_Information supplied_
_ _ _ _ _
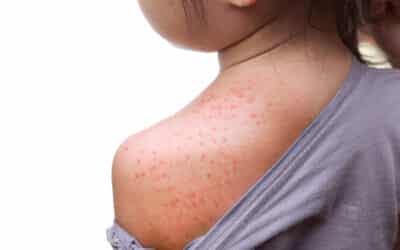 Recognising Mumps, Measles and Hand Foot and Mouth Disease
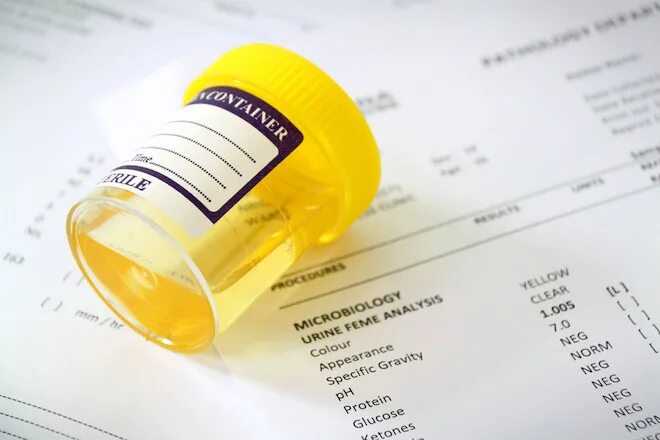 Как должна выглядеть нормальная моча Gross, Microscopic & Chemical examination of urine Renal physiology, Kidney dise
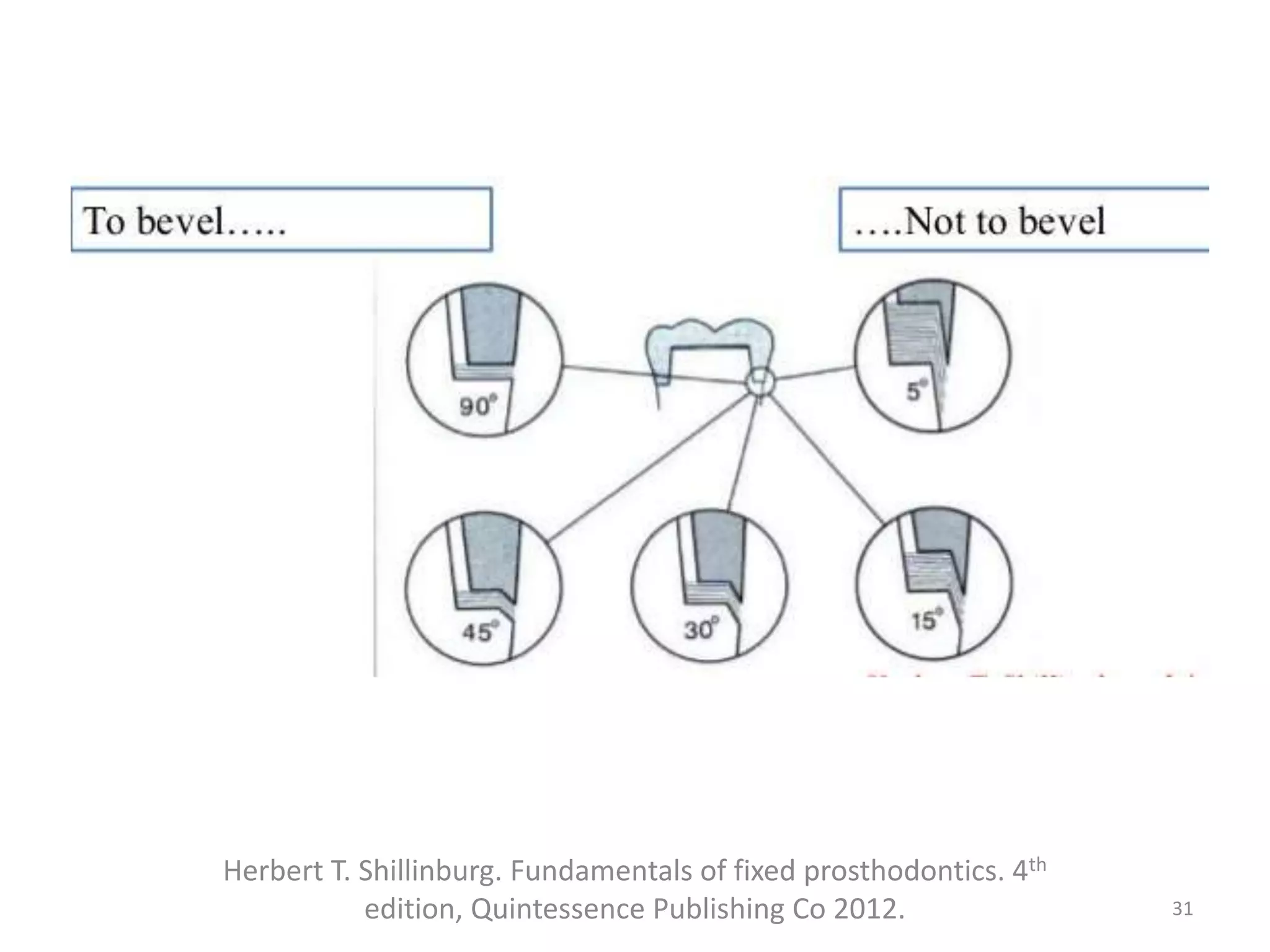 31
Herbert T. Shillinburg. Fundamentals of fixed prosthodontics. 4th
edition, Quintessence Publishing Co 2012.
_ _ _ _ _
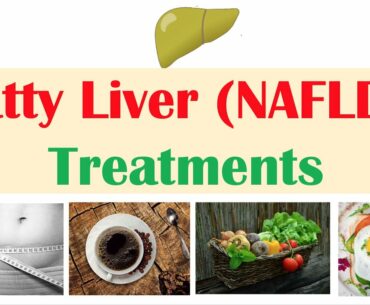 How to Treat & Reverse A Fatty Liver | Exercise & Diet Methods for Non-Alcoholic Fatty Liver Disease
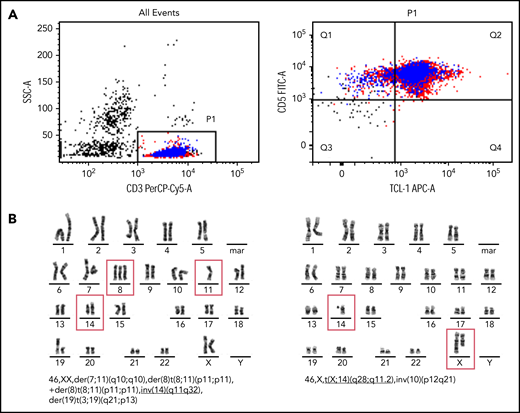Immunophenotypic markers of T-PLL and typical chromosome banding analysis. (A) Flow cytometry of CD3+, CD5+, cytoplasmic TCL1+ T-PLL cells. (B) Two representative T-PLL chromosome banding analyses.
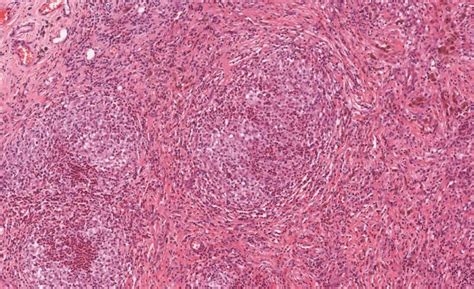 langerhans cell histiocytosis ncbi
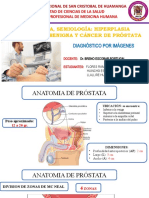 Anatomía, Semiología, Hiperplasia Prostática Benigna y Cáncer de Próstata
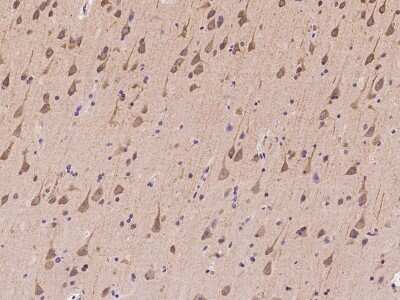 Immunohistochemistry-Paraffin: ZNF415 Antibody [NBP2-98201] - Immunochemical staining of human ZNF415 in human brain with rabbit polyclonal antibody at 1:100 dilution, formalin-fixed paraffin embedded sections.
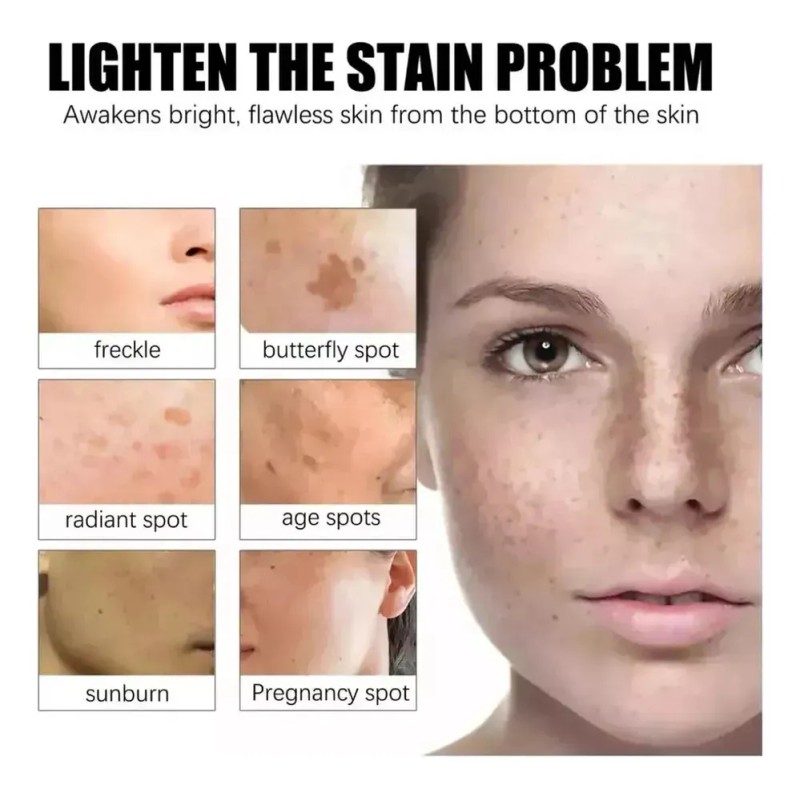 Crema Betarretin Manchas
_ _ _ _ _
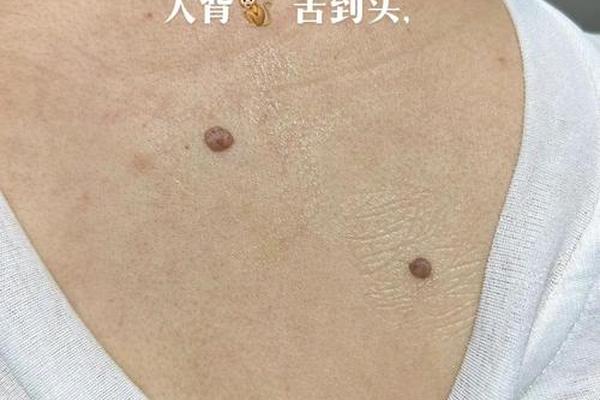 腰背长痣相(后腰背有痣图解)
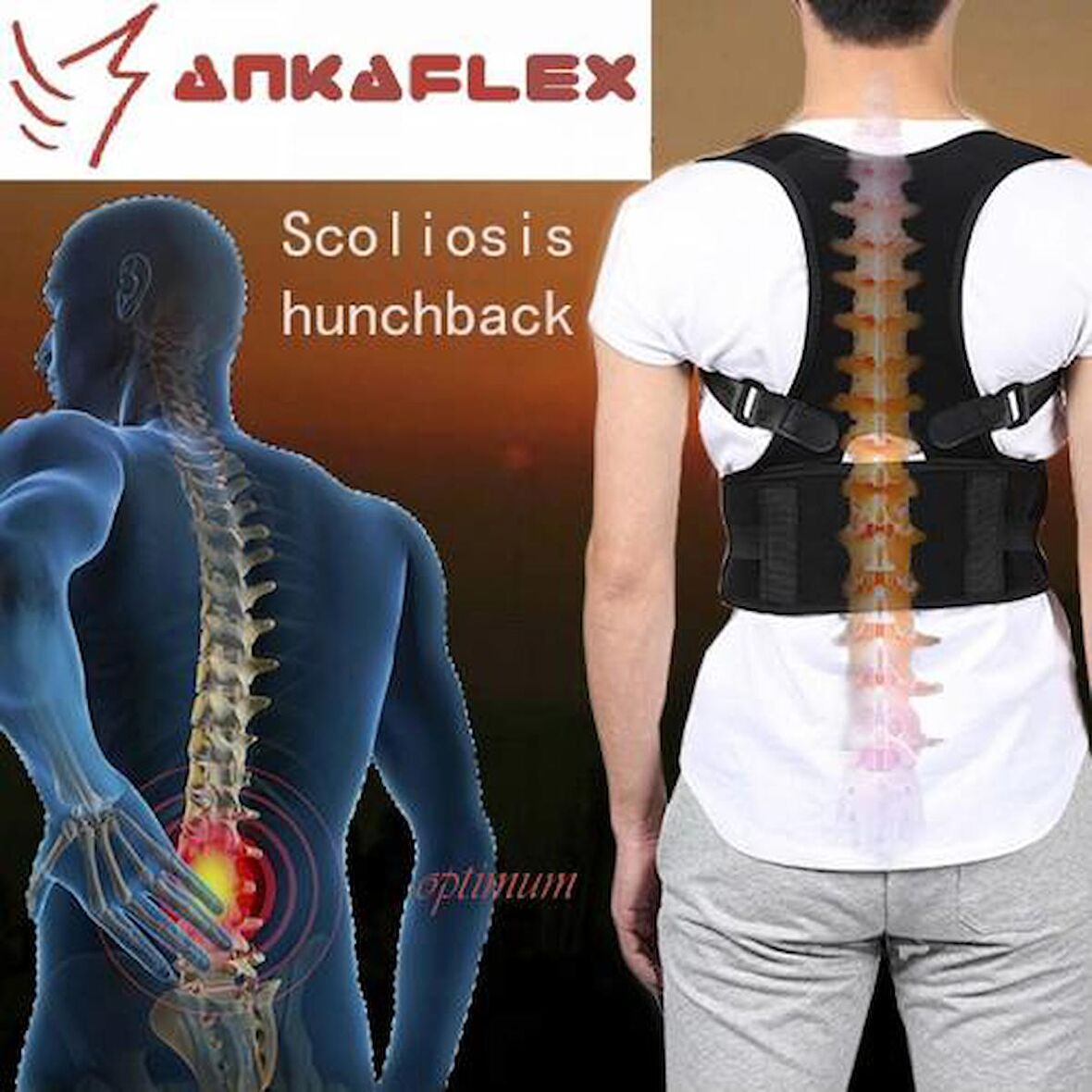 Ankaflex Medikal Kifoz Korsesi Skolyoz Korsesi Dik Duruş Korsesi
_ _ _ _ _
_Goal of the exercise_
Give again, exactly as written above, every line from the one holding "Immunohistochemistry-Paraffin: ZNF415 Antibody" to the one holding "Crema Betarretin Manchas", with both ends kept and the pictures left out.

_Reply to the exercise_
 Immunohistochemistry-Paraffin: ZNF415 Antibody [NBP2-98201] - Immunochemical staining of human ZNF415 in human brain with rabbit polyclonal antibody at 1:100 dilution, formalin-fixed paraffin embedded sections.
 Crema Betarretin Manchas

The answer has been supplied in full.